I know that some kernel versions need to have a cgroup controller be setup by the root user on the host prior to its use in a container. Though in your case it appears your container is privileged which therefore shouldn’t really be affected by this.
~$ sudo mount -t cgroup -o none,name=systemd none cg
~$ ls cg
cgroup.clone_children cgroup.sane_behavior release_agent
cgroup.procs notify_on_release tasks
~$ sudo unshare -C
/home/timo# ls cg
cgroup.clone_children cgroup.sane_behavior release_agent
cgroup.procs notify_on_release tasks
/home/timo# mount -t cgroup -o none,name=systemd none cg
mount: /home/timo/cg: none already mounted on /sys/fs/bpf.
/home/timo# ls cg
cgroup.clone_children cgroup.sane_behavior release_agent
cgroup.procs notify_on_release tasks
The mount is seen also in the namespace but the mount command fails. I don’t know how would I try this with the container but I would expect systemd would also fail trying to mount cgroup.

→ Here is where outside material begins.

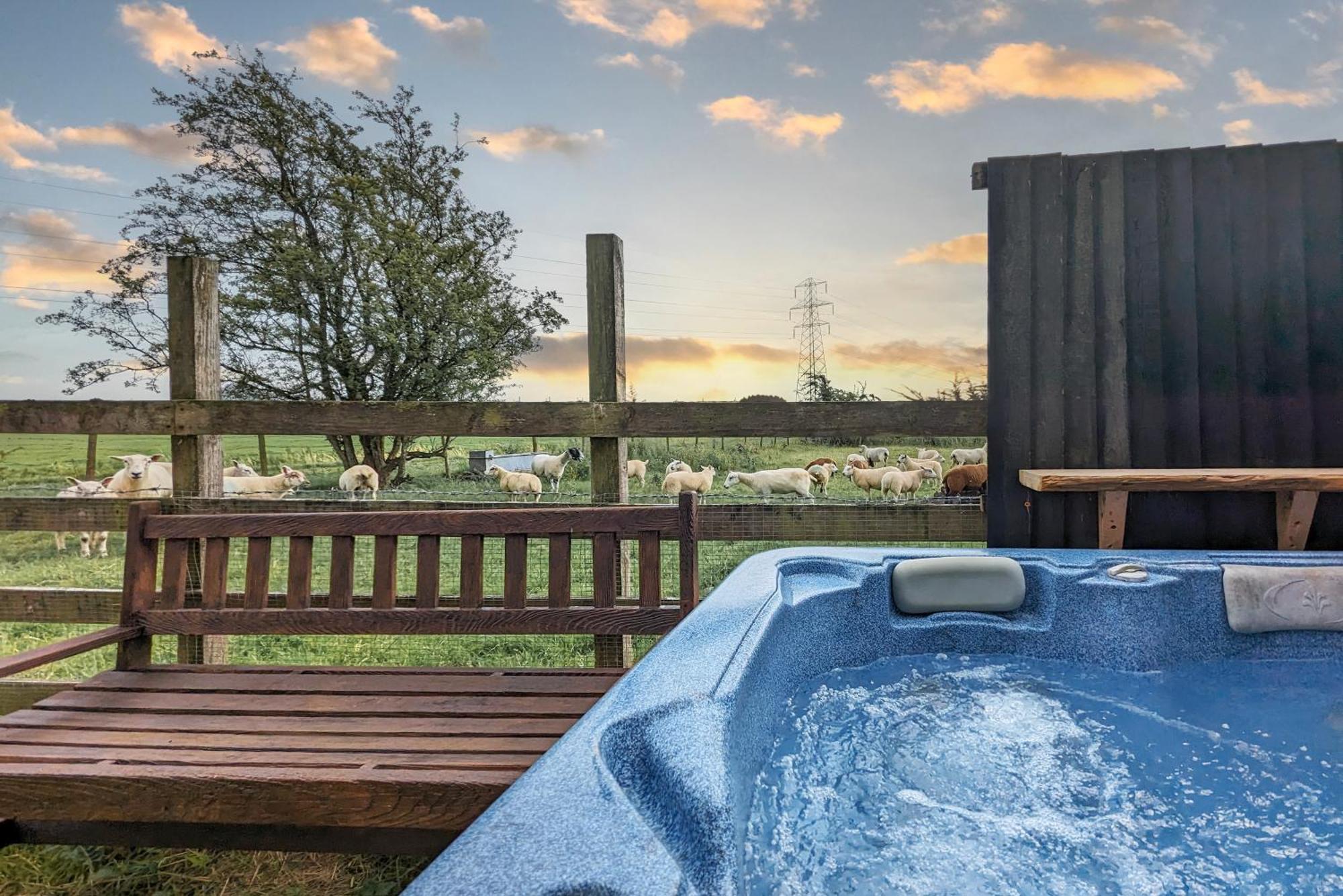 The Gilpin Farmhouse, Lake District Getaway Levens المظهر الخارجي الصورة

The error message is very confusing: “already mounted on /sys/fs/bpf”.
Ok, I found out that if I unshare -Cm and umount the mount point in the namespace, then I can successfully do the mountin the namespace. Or I can mount into a different mount point.
Now I’m not sure if I know how to apply this in the container setup…

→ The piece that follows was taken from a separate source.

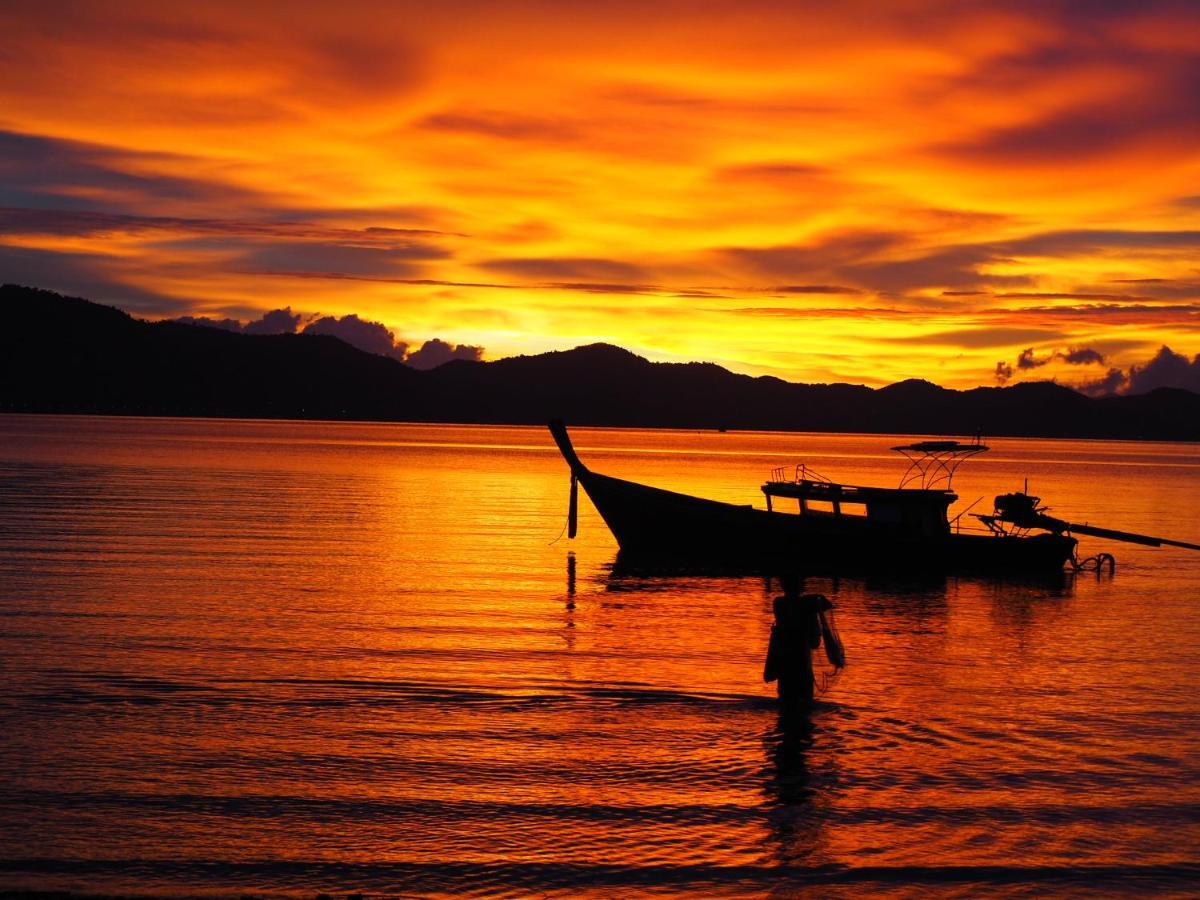 Modern Sunset Sea House Lam Sai Vila Ko Yao Noi Exterior foto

I mounted cgroup in the host just somewhere (/home/timo/cg) and the container started to work. Thanks a lot for steering me into the right track!
Now I wonder, how would I apply this knowledge in a ‘correct’ or ‘elegant’ way. Should this work out of the box? Is there something missing/wrong in my installation?
It is working nicely now but I’m a little bit worried about container separation. When systemd in the container adds things into the cgroup tree, e.g. user.slice, they are visible in the host side too. Is this going to cause problems if I had multiple v1 containers? Is there a way to somehow confine the mounts?